WHAT NEEDS TO BE DONE
Make an exact copy of the lines from the one holding "Map showing Bursins, Vaud, Switzerland." through the last line of the material, and output nothing else.

DATA SUPPLIED
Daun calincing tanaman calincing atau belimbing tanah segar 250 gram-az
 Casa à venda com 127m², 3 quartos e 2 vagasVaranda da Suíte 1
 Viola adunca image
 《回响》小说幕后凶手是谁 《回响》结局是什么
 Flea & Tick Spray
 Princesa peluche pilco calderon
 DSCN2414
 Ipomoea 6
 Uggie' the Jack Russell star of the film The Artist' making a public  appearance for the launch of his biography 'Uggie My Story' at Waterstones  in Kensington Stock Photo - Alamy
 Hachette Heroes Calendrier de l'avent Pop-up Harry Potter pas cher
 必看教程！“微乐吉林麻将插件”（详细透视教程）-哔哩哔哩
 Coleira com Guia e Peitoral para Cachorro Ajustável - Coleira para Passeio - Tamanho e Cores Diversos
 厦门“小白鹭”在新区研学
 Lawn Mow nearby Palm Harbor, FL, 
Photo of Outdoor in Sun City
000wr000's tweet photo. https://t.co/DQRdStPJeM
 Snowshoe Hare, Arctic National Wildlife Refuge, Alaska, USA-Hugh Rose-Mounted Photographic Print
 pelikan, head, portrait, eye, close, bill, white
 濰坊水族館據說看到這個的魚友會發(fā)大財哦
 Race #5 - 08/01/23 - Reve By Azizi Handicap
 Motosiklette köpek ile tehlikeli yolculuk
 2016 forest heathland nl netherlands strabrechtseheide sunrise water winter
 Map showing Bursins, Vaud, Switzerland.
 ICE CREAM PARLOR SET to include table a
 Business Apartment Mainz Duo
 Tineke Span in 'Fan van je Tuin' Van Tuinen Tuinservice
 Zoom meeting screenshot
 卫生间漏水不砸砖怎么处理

RESULT OF THIS TASK
 Map showing Bursins, Vaud, Switzerland.
 ICE CREAM PARLOR SET to include table a
 Business Apartment Mainz Duo
 Tineke Span in 'Fan van je Tuin' Van Tuinen Tuinservice
 Zoom meeting screenshot
 卫生间漏水不砸砖怎么处理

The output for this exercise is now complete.